Evidence from Brazil, Italy, France, and Sweden indicate that the virus circulated in those countries by November and December of 2019, long before China officially admitted they had a significant public health problem. This was likely the global “super-spreader event.” China tried to blame Italy for the virus at one point.

To compound the insult to Americans, House Speaker Nancy Pelosi wanted athletes to remain silent about conditions in China, as she was fearful of their safety.

According to House Speaker Nancy Pelosi, the motto of the Beijing Winter Olympics should be “Faster, Higher, Stronger — and Silent.”

The California Democrat reiterated Friday that American athletes should keep any unkind word about China’s repressive Communist government to themselves, repeating an admonition from the previous day.

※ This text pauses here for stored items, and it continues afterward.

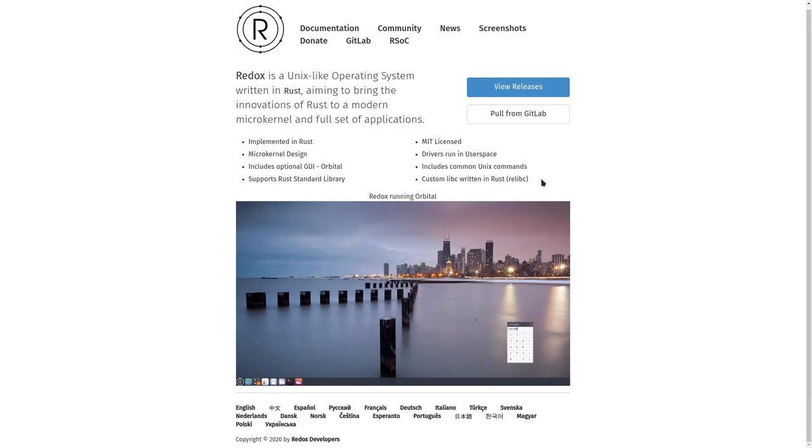Hi, I'm Denshi, and in today's video, we're going to be talking about an operating system that is almost entirely written in Rust, called Redox OS.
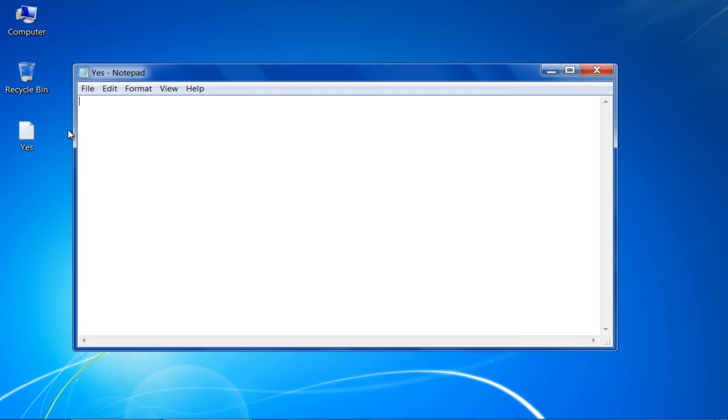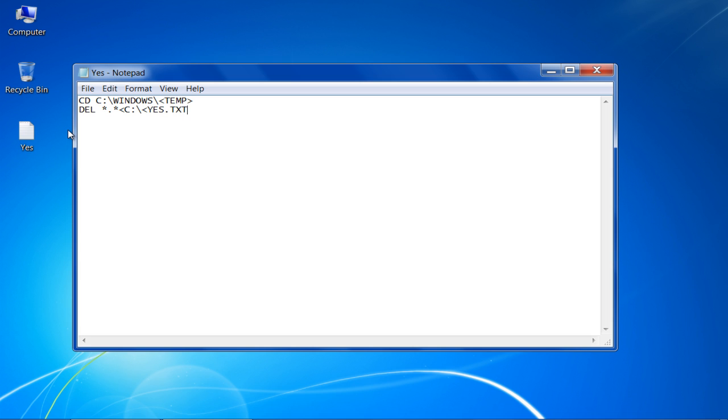Once done, clear out the text and type in the following code: cd c:\windows\temp, del *.* <c:\yes.txt >nul, then exit.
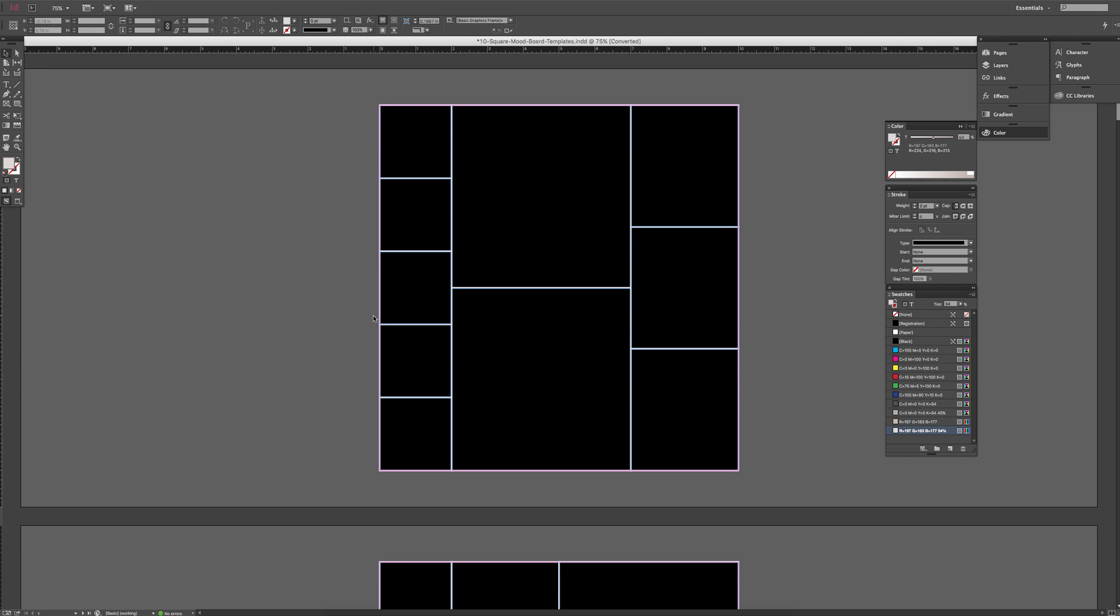In this tutorial, I'm going to show you how to use your mood board templates inside InDesign. I find that InDesign is the easiest way to create these mood boards, but I give you options with different files, so you can choose whichever is right for you.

“As I wish the athletes well, I do not encourage them to speak out against the Chinese government there because I fear for their safety if they do,” Pelosi said Friday, hours after the opening ceremony. “[To] remove all doubt about why I said they shouldn’t speak out, it’s because I fear for their safety.”

The responses to this inanity have been scathing.

Finally, corporate sponsors are afraid of being connected to a regime that is accused of atrocities on its minority populations and other human rights abuses.

The corporate sponsors that typically go big on the Olympics have kept their distance in the run-up amid global condemnation for the host country’s human-rights abuses against Uyghurs and other Turkic Muslims in far western Xinjiang – which the US state department has labelled a genocide – in addition to the persecution of Tibetans and the repression of Hong Kong’s freedoms. Those thorny geopolitical implications were only underscored when the US, Australia, Britain and Canada announced a diplomatic boycott of the event last month.

Only two of the 20 official Team USA sponsors had aired spots pegged to the Olympics as of Wednesday, according to Reuters, with both focusing on the athletes while downplaying the host nation. That’s a far cry from the flood-the-zone deluge that’s critical to breaking through and building anticipation for athletes and sports that are largely in the public eye only once every four years. Bottom line: many casual sports fans, perhaps thrown off by an Olympics taking place only seven months after the last one due to the coronavirus postponement, are barely aware a Winter Games is even happening.

Beijing laughably had Uyghur cross-country skier Dinigeer Yilamujiang be the last athlete to carry the flame.

For a country that has been condemned for its treatment of the Uyghurs, a predominantly Muslim ethnic minority in the western Chinese region of Xinjiang, the symbolism was impossible to miss.

The lighting of the Olympic cauldron by the final torchbearer has long been a centerpiece of Olympic opening ceremonies and marks the beginning of the Games. It is considered a great honor to be the last athlete to carry the flame.

Despite the blizzard of Chinese PR, CCP officals cannot snow potential viewers and have them forget all the damage that nation has done in the past two years.

I can only hope this is the last Olympic event hosted by this country. I also pray all our athletes come home safely, and free of lab-grown viruses.